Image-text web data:
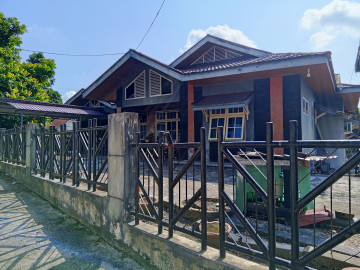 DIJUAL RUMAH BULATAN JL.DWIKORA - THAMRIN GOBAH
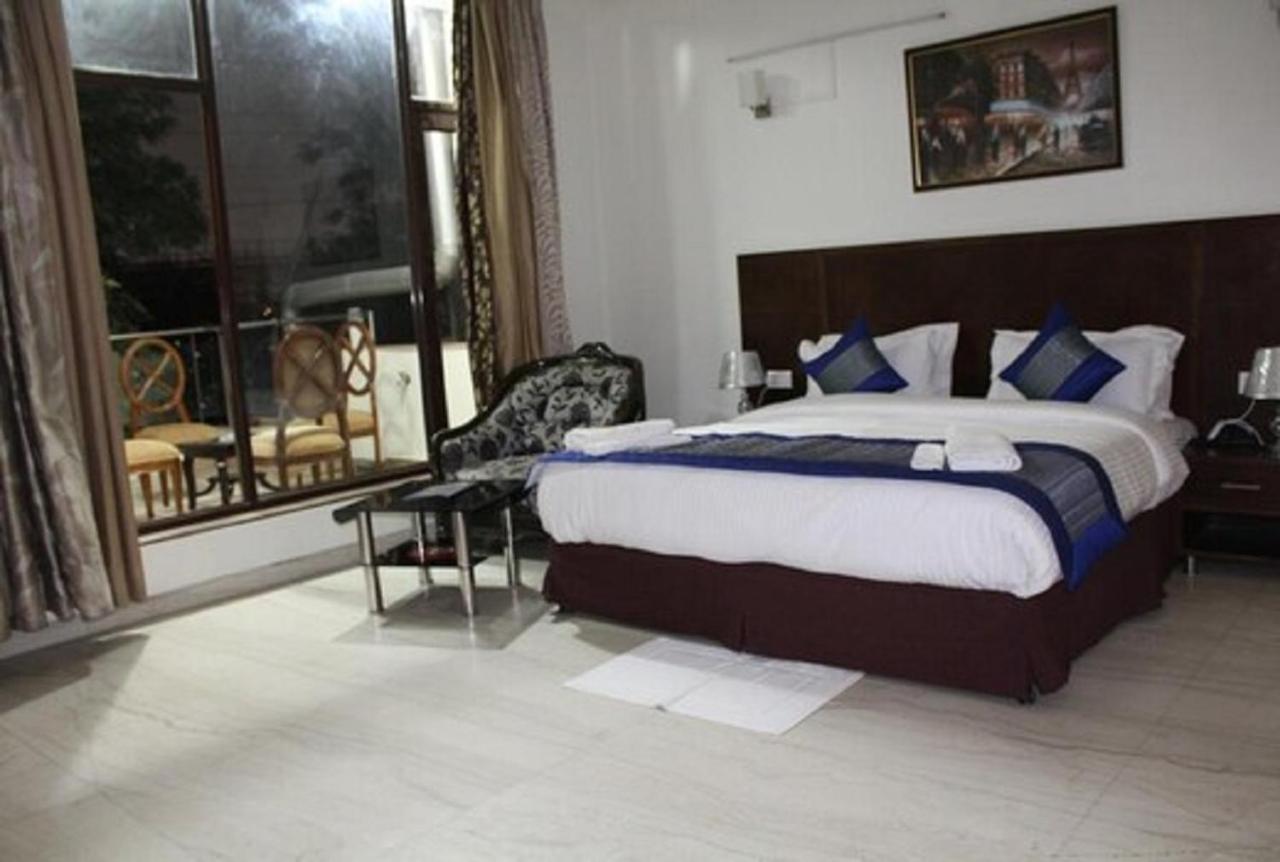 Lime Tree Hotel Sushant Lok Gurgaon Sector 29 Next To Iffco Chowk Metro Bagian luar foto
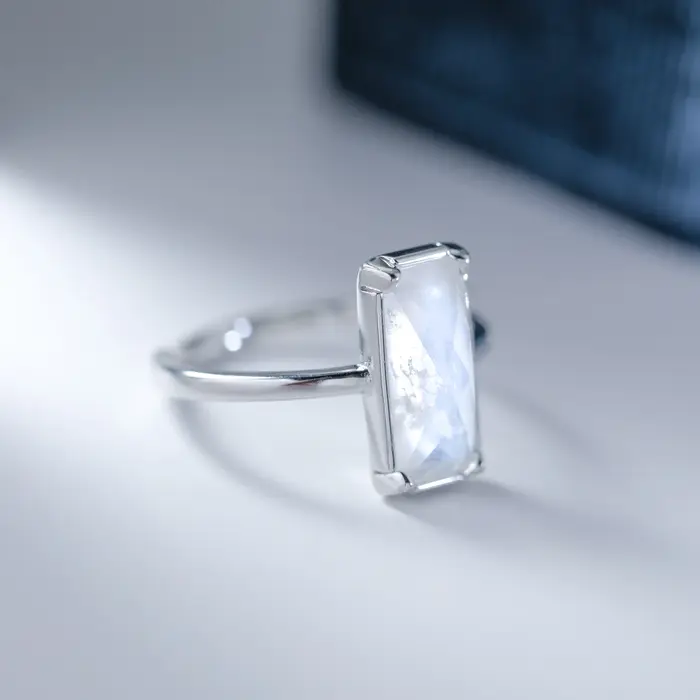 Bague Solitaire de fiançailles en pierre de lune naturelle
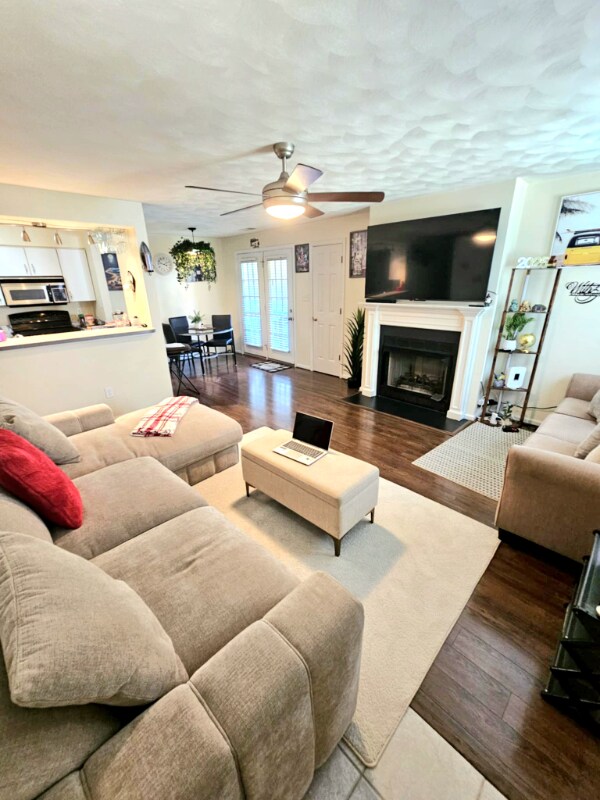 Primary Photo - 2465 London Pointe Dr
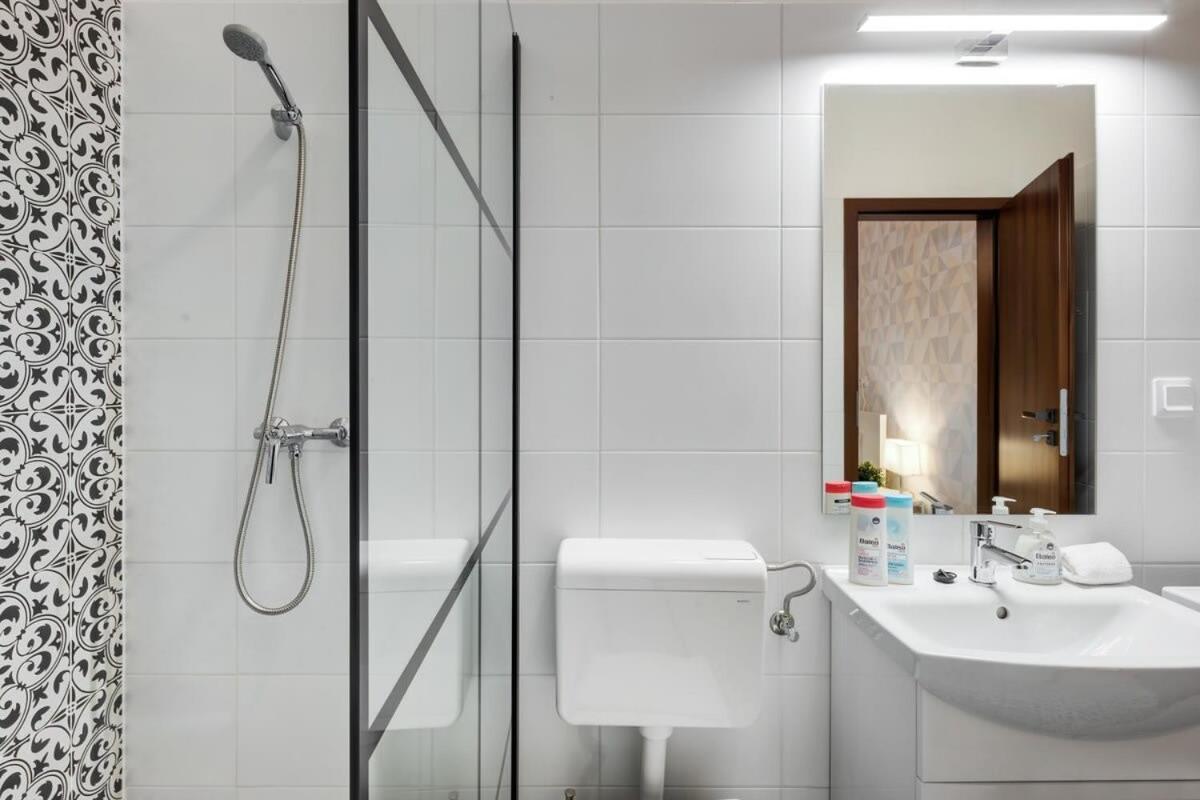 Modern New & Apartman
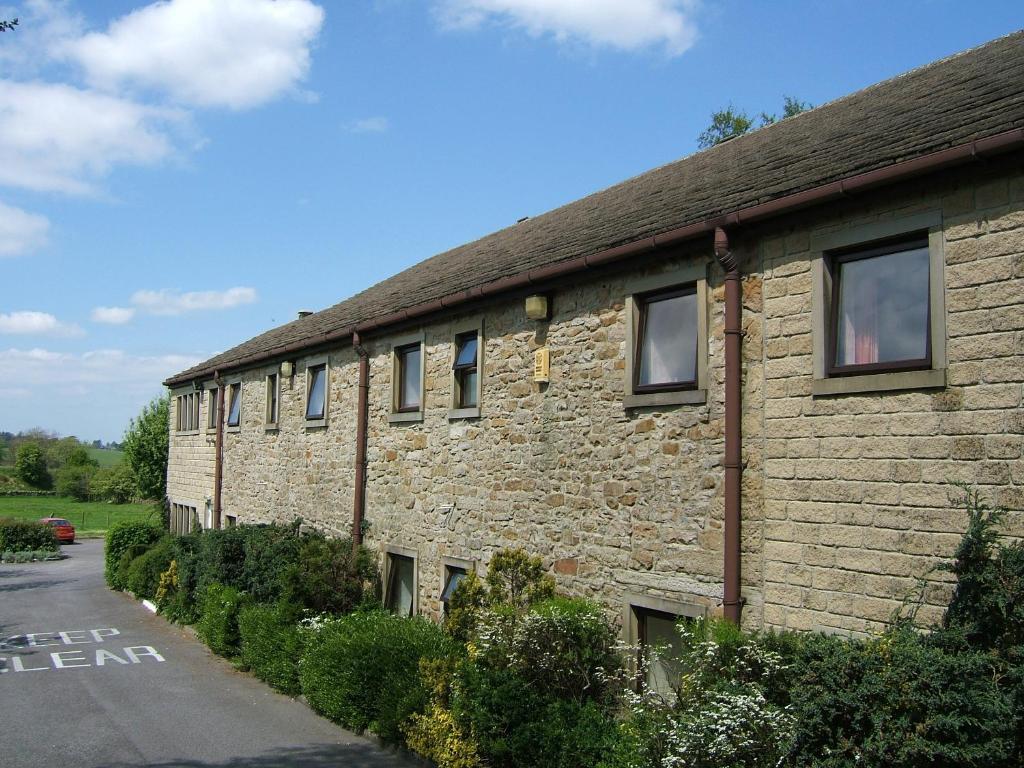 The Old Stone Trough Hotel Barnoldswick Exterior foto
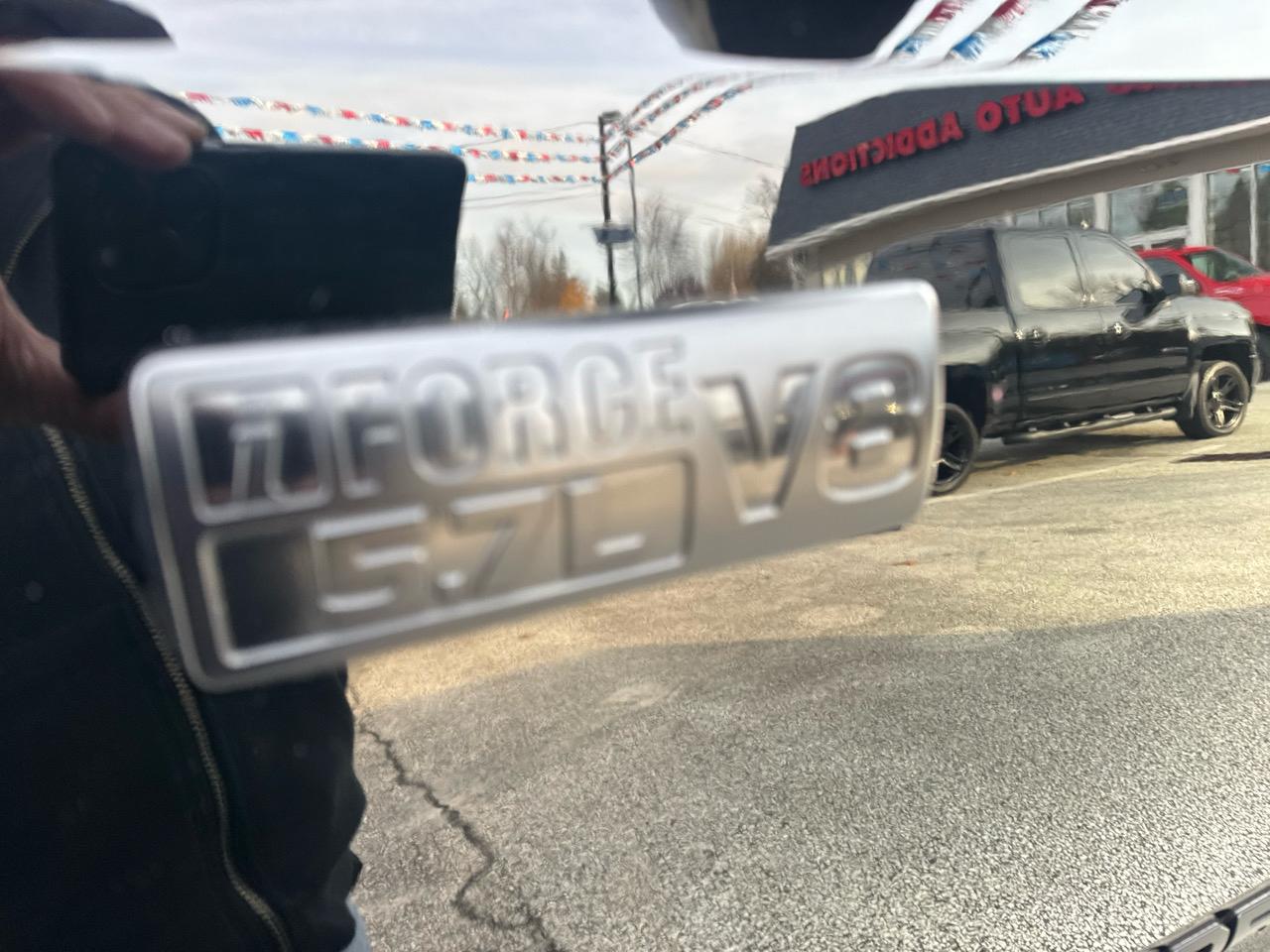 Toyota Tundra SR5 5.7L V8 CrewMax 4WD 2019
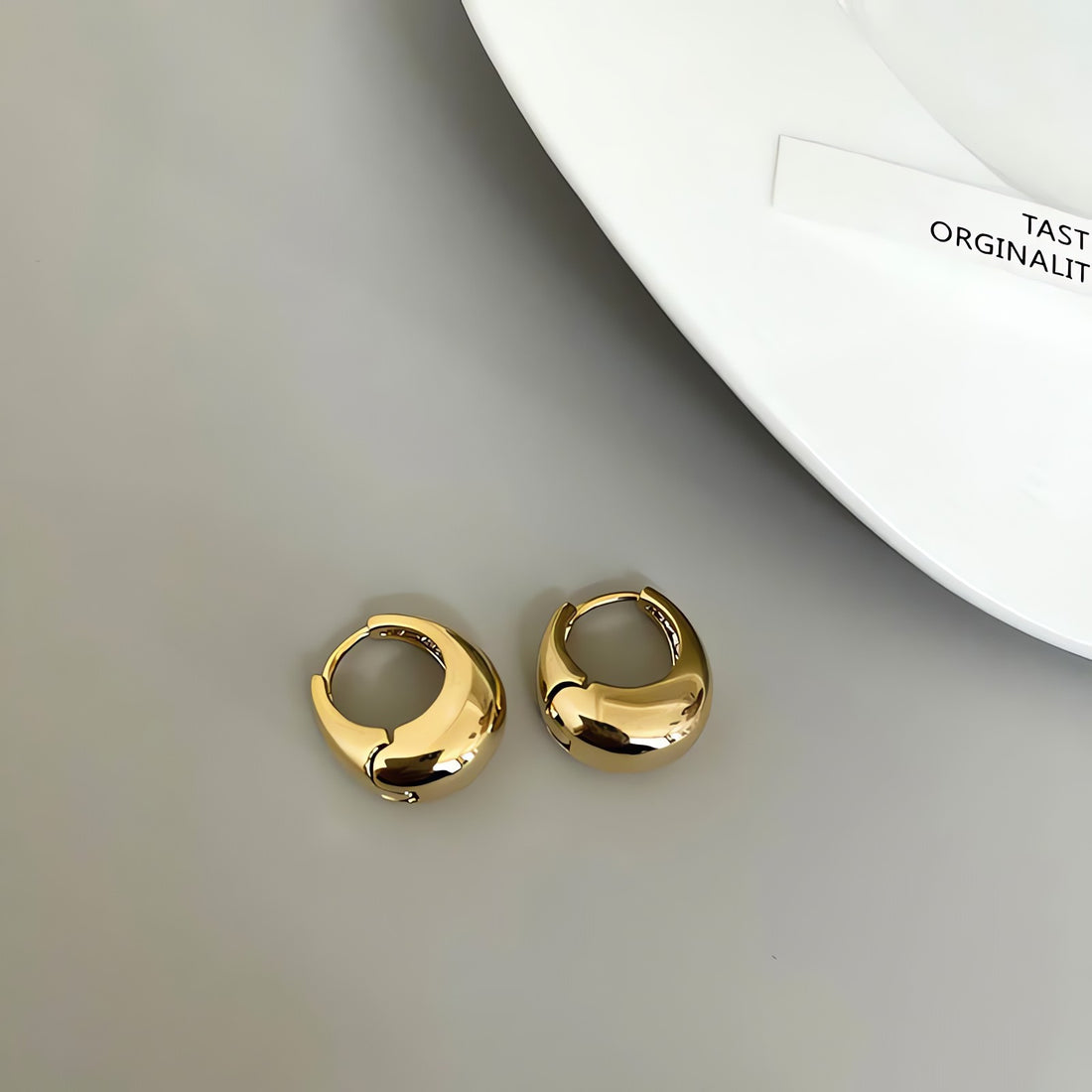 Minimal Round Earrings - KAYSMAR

> [PROBLEM DESCRIPTION]
The lines to restate word for word run from the line that contains "Modern New & Apartman" through the end of the entries above, both ends included. Leave out all pictures and write nothing else.

> [YOUR RESPONSE]
 Modern New & Apartman
 The Old Stone Trough Hotel Barnoldswick Exterior foto
 Toyota Tundra SR5 5.7L V8 CrewMax 4WD 2019
 Minimal Round Earrings - KAYSMAR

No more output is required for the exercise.